**YOUR TASK:** Take the line that contains "Vtg Solid Polished" and each one after it through the last line below, and retype them exactly. Leave out the pictures.

**INFORMATION SHOWN:**

──────────────────────────────

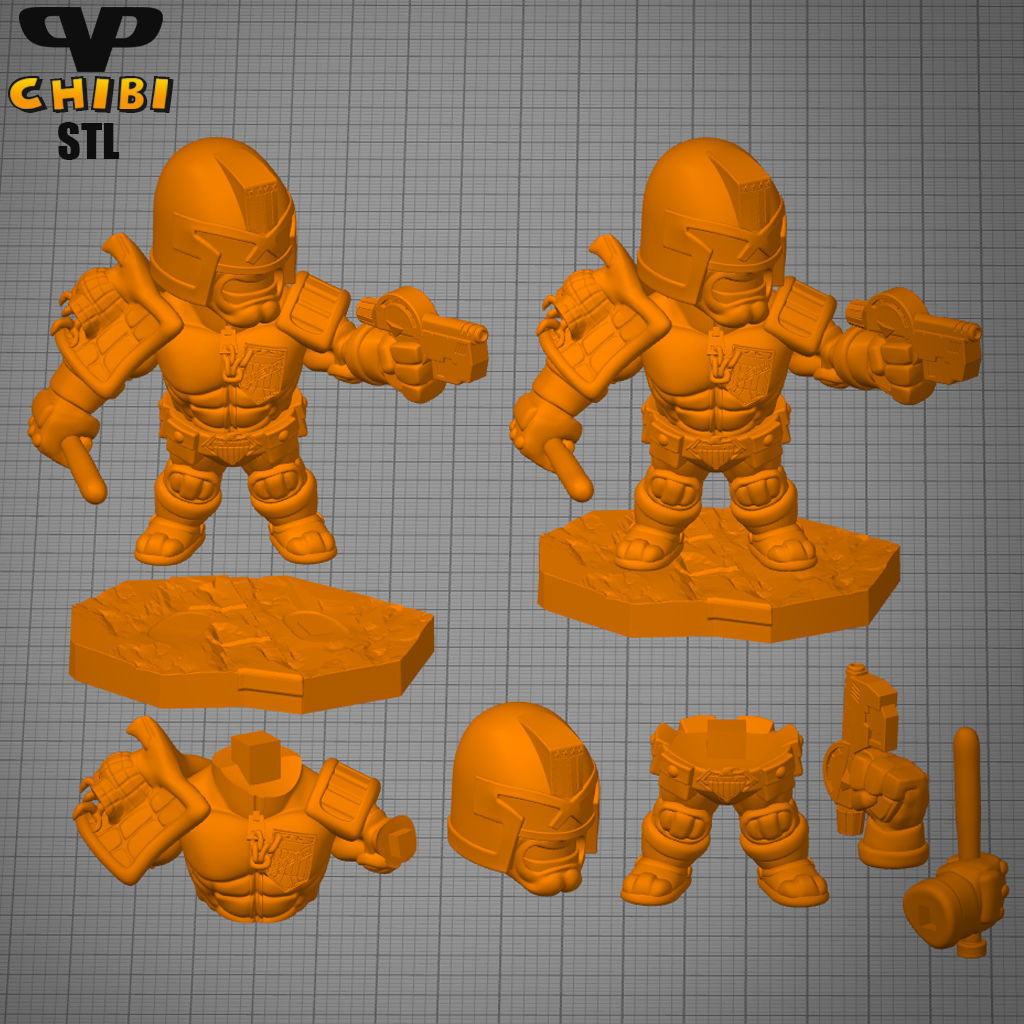 Judge Dredd Chibi STL for 3D Printing ChibiSTL 3DXM 3D print model_2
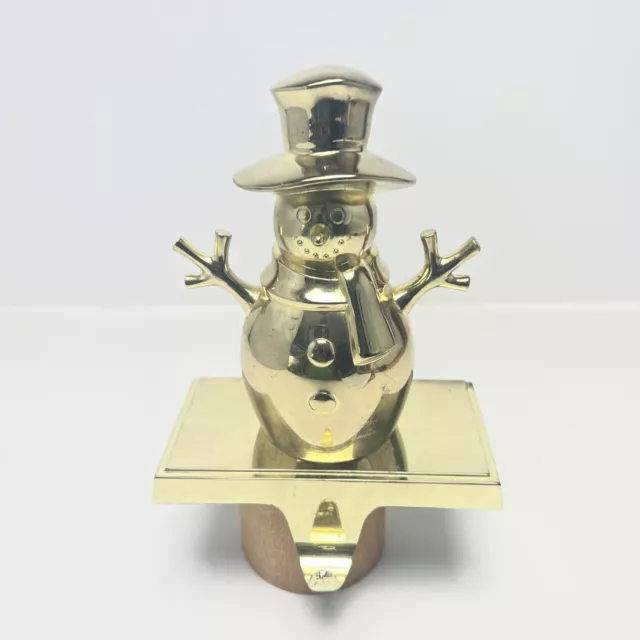 Vtg Solid Polished Brass Snowman Stocking Holder Fireplace Mantle Decoration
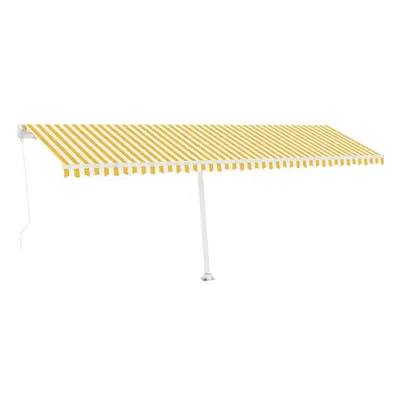 vidaXL Freestanding Manual Retractable Awning 600x350 cm Yellow/White Outdoor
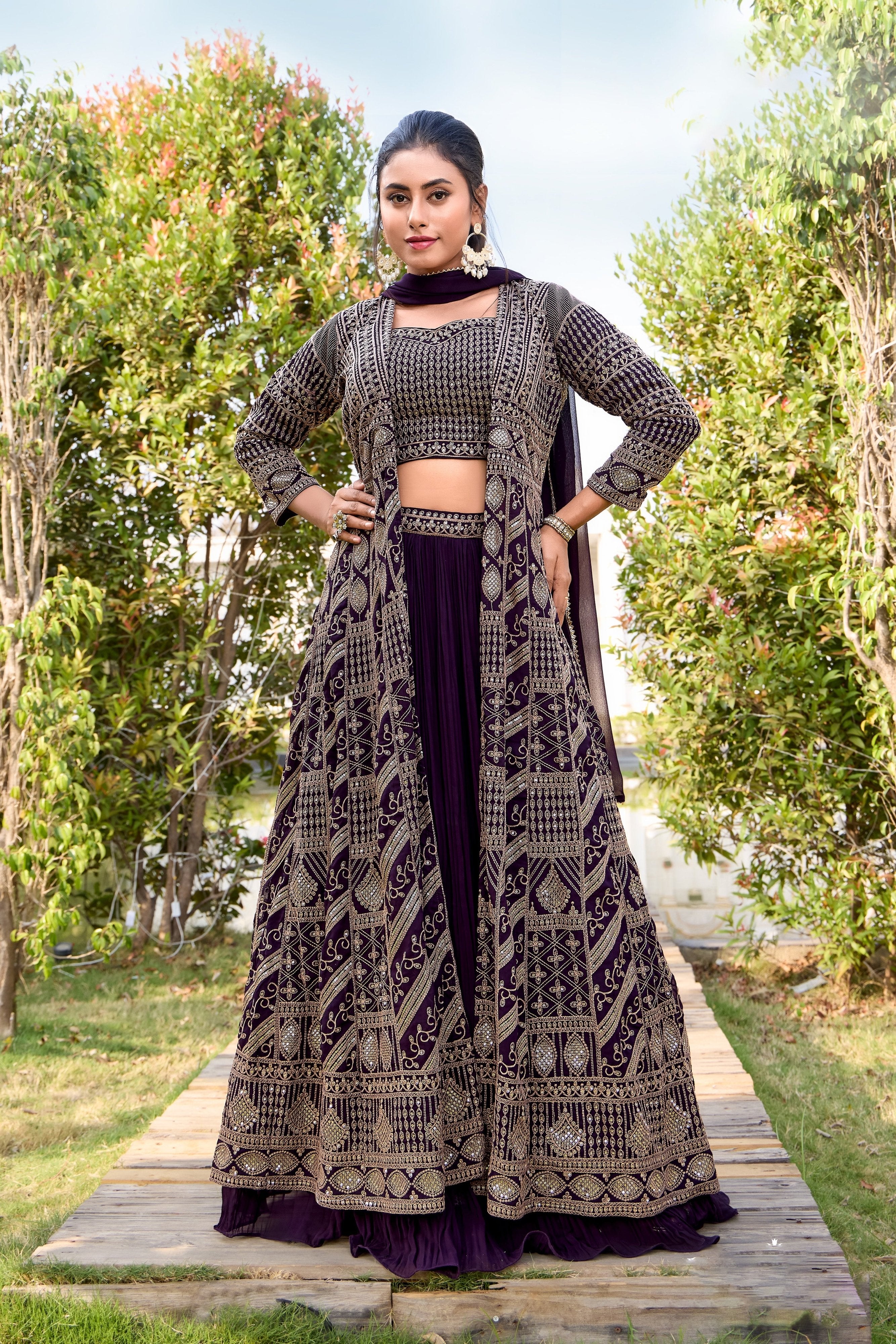 Royal Radiance: Deep Purple Indo - Western Lehenga Set with Embroidered Jacket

──────────────────────────────

**WRITTEN ANSWER:**
 Vtg Solid Polished Brass Snowman Stocking Holder Fireplace Mantle Decoration
 vidaXL Freestanding Manual Retractable Awning 600x350 cm Yellow/White Outdoor
 Royal Radiance: Deep Purple Indo - Western Lehenga Set with Embroidered Jacket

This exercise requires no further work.